I am here for a second look at enigmatic Peterhead and their hosts Alloa – the joint pre-season title favourites. I am also killing two birds with one stone in compiling a future opponent report for Queens Park, who will face both sides in September.

Out on the pitch, Kevin Cawley, a one-time Celtic youngster, is defying my previous evaluations of him as a striker too lightweight to cut it in the hurly burly of Scotland’s lower leagues. Today, emboldened by the Indian Summer conditions, Cawley is the King Wasp, a constant irritant who never gives his creaking adversaries Rattray and Sellars a moment’s rest. His first goal is a fine piece of opportunism. His clinching second, is a solo effort, sparked by yet another tireless run down the inside left channel. Using the already-cautioned Alan Rattray as a shield to unsight the keeper, Cawley, a striker seemingly growing in stature before my very eyes, evades the defender’s limp challenge to cut inside with a step-over and sends a powerful finish arcing beyond Peterhead keeper Jellema, high into the net.

I’m the one who who took two stings on the neck at Partick Thistle

This reversal is no more than Peterhead deserve on a day when the frailties they exhibited at East Stirling seven days previously are once more to the fore. Once again, their midfield lies too deep, creating a disconnect with star striker Rory McAllister and the lack of willing runners in the Blue Toon midfield ensures that Peterhead’s transition from defence to attack is too predictable and too ponderous to ever really hurt opponents also set-up to counter attack in a 4-5-1 formation. McAllister tries his best as he generally does, but even he can’t wrestle the game from Alloa on his own (a stunning 20 yard free kick opener not withstanding).

It is not without precedent then for Peterhead when they lose their lead. In truth though the writing has been on the wall as early as the first half as the visitors failed to turn good quality possession into anything resembling clear-cut efforts on goal. With a 1-0 advantage, a second Peterhead goal would probably put the game beyond their listless hosts. Predictably again, with Peterhead falling behind, the game simply peters out to nothing.

Nervy Alloa are galvanised with a winning position to defend. The visitors from the North East simply run out of ideas leaving under pressure Peterhead boss John Sheran seething: "We asked them to get the ball up the park at the start of the second half, and they didn't. They went backwards. They're just not doing what they're told, it's as simple as that.”
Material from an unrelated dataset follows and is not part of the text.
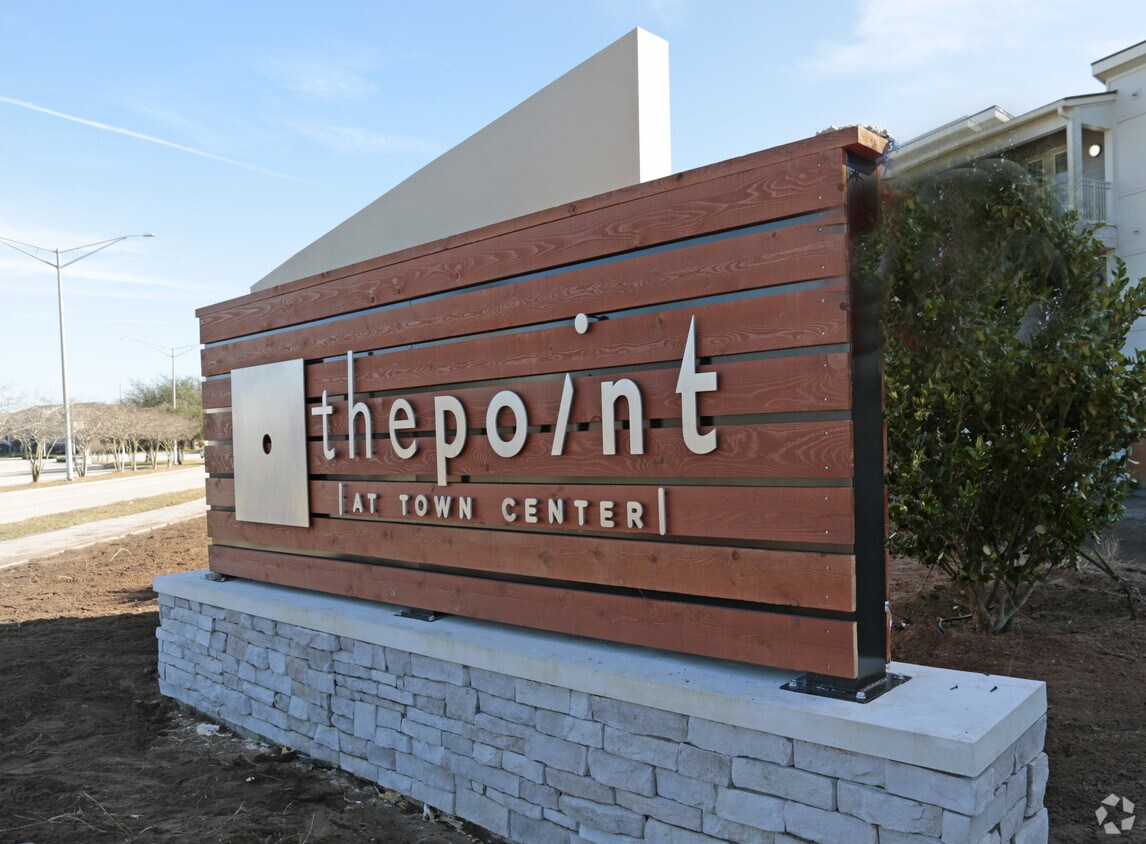 The Point at Town Center Apartments Jacksonville, FL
Regardless of the result, I have no doubt both managers will go into this week’s international break knowing there is much work to be done before their sides’ on-paper potential can be transformed into consistent performances and results.

Perhaps the biggest surprise, on a day when the wasps dominated on and off the park, was that John Sheran’s post-match comments were as close as we’ve come to a sting in the tail.